*** Data segment ***

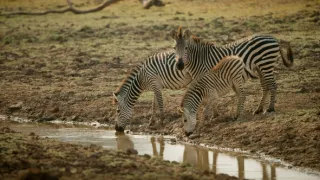 Zebry - hviezdy s pruhmi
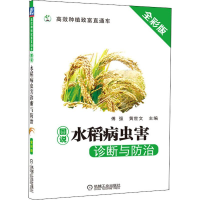 [M]图说水稻病虫害诊断与防治 全彩版-9787111615606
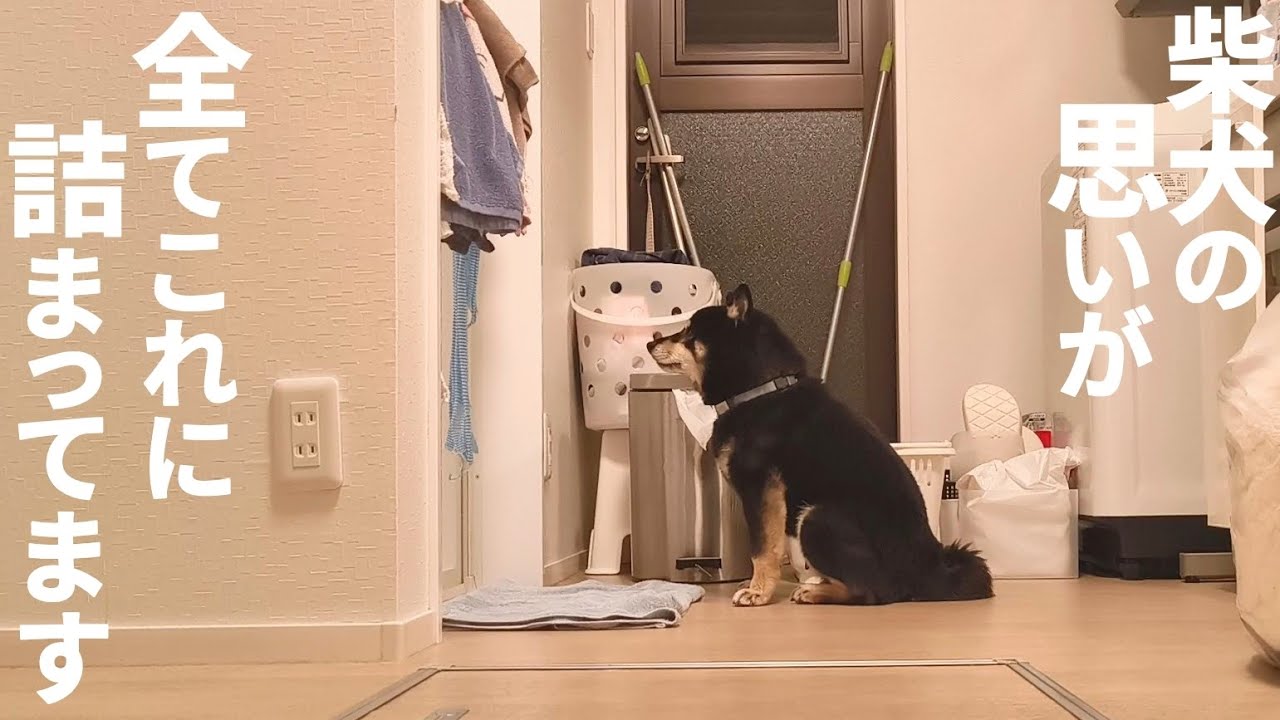 お父さんの事が好き過ぎる柴犬の可愛すぎる行動。【黒柴犬】【豆柴】【shiba inu】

***

> **Work instruction**
Wherever an image sits in the data, omit it; everything else must be copied exactly.

> **Output of the exercise**
 Zebry - hviezdy s pruhmi
 [M]图说水稻病虫害诊断与防治 全彩版-9787111615606
 お父さんの事が好き過ぎる柴犬の可愛すぎる行動。【黒柴犬】【豆柴】【shiba inu】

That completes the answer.